1. Broken front teeth from diving into a pool or from falling down
Remember while it might be irritating and unattractive, a broken tooth is usually not life-threatening. Depending on how much of your tooth is broken and the angle it is broken at, the treatment could range from doing a composite repair for a chipped tooth to doing a root canal treatment and a crown if the tooth is broken off at the margin of the gum. If the tooth is chipped then schedule an appointment at your convenience; if however, the tooth has broken off or you have pain then see a dentist immediately.

2. Tooth pain
Usually a dental emergency will have a degree of pain attached. It just depends on the level of pain and the kind of pain how your dentist deals with it. If it is sensitive to both cold and hot temperatures, chances are it is a grinding problem. If it is only sensitive to cold, many times, but not always, it could be a nerve problem. It could be that the nerve has been irritated and is crying out for attention. If that is the case you need to call your dentist immediately. It doesn´t get better by itself. If it hurts when you bite down, it could be a broken tooth, it could also mean that you have been grinding your teeth or it could be a sign that you have an abscess. Either way, you need to have it treated by a dentist.

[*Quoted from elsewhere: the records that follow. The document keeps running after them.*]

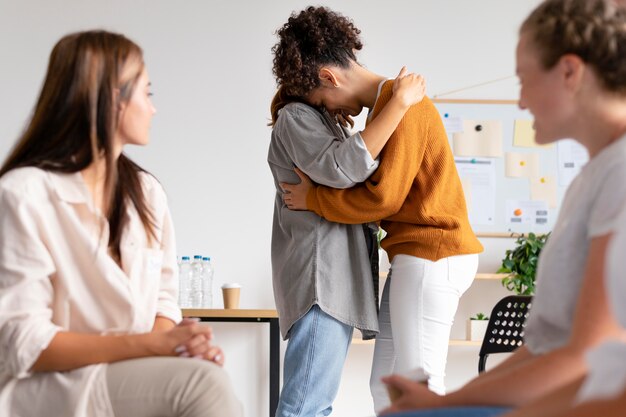 Personas reunidas en el centro comunitario.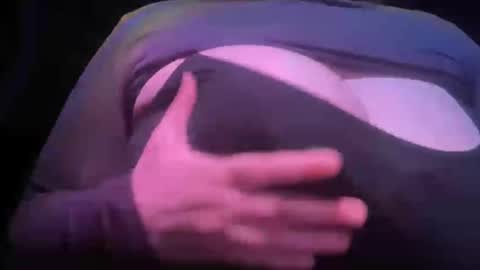 Snapshot of sweetcalciferr chatting on 12.22.25 sweetcalciferr online show from 12.22.25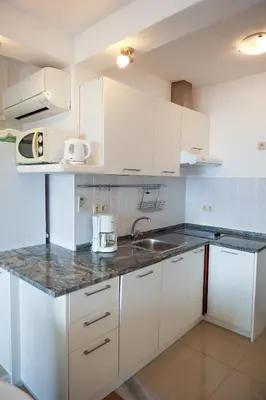 Kuhinja ili čajna kuhinja u objektu Apartment Amore - 2 bedroom, 2 bathroom, sea view terrace, 250m from beach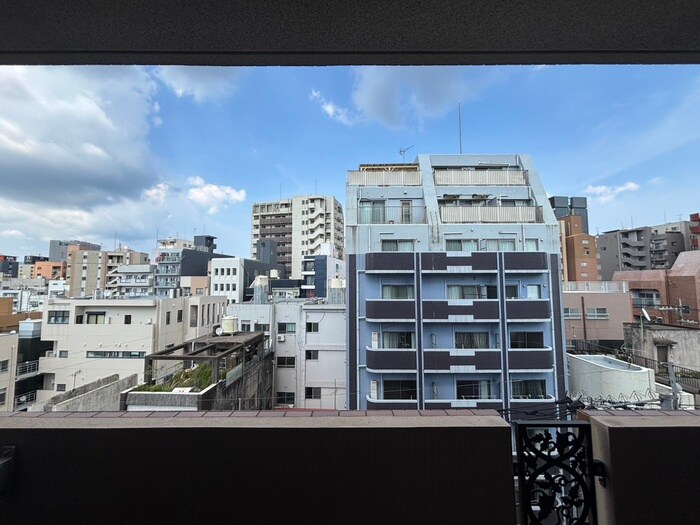 物件内観写真15　(室内からの展望)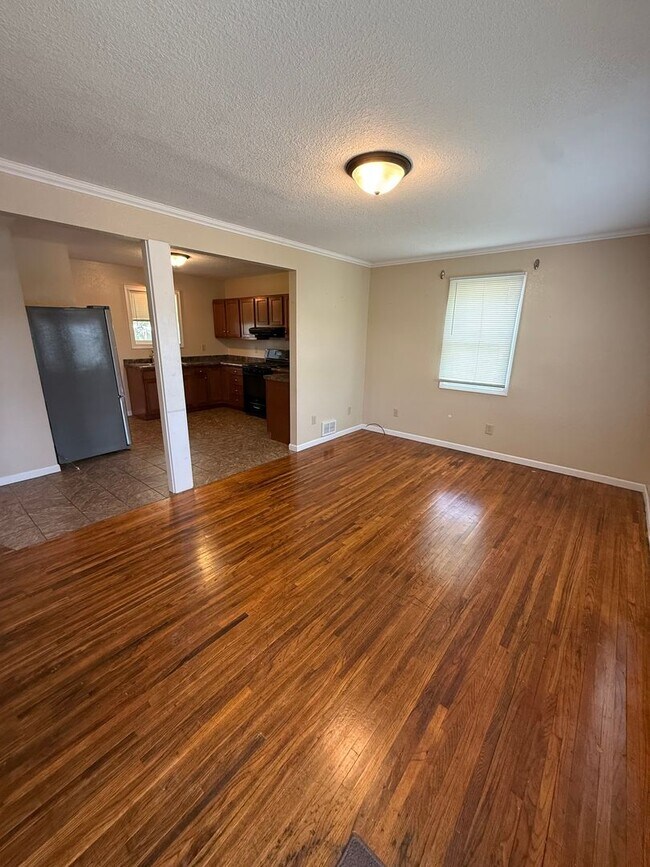 Foto del edificio - House available for rent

3. You´ve knocked out your tooth
If for whatever reason your tooth gets knocked out, put it back in. Yes put it back in the socket. And hold it there until you see a dentist. Make sure though when you pick it up you only touch the crown of the tooth, the part that is used to chew and not the root. Also important is to put it back in the correct position. If there is any debris on the tooth when you pick it up rinse it in a cup of lukewarm tap water for no more than 10 seconds. Any longer than that can kill the cells on the root surface that help reattach it. If you are looking at your tooth between your fingers then most probably you´re in shock, but if you want to save the tooth then you have to remain calm and think. If you can´t put it back correctly, then put it in a glass of milk. If milk is not an option, then put it in your mouth between the cheek and the gum to keep it moist. Do not swallow it as you only have about 2 hours for it to be reimplanted correctly. The sooner the better, otherwise, the likelihood of success becomes less. You need to make a very quick trip to a dentist.

For most dental emergencies you need to go to a dental clinic not a hospital. Hospitals rarely have a dental department and if they do it is even rarer that there would be someone on call. A doctor in an emergency room can only give you pain medication or antibiotics. In some cases, they will schedule an x-ray or scan depending on the severity of the trauma. They will still suggest you see your dentist.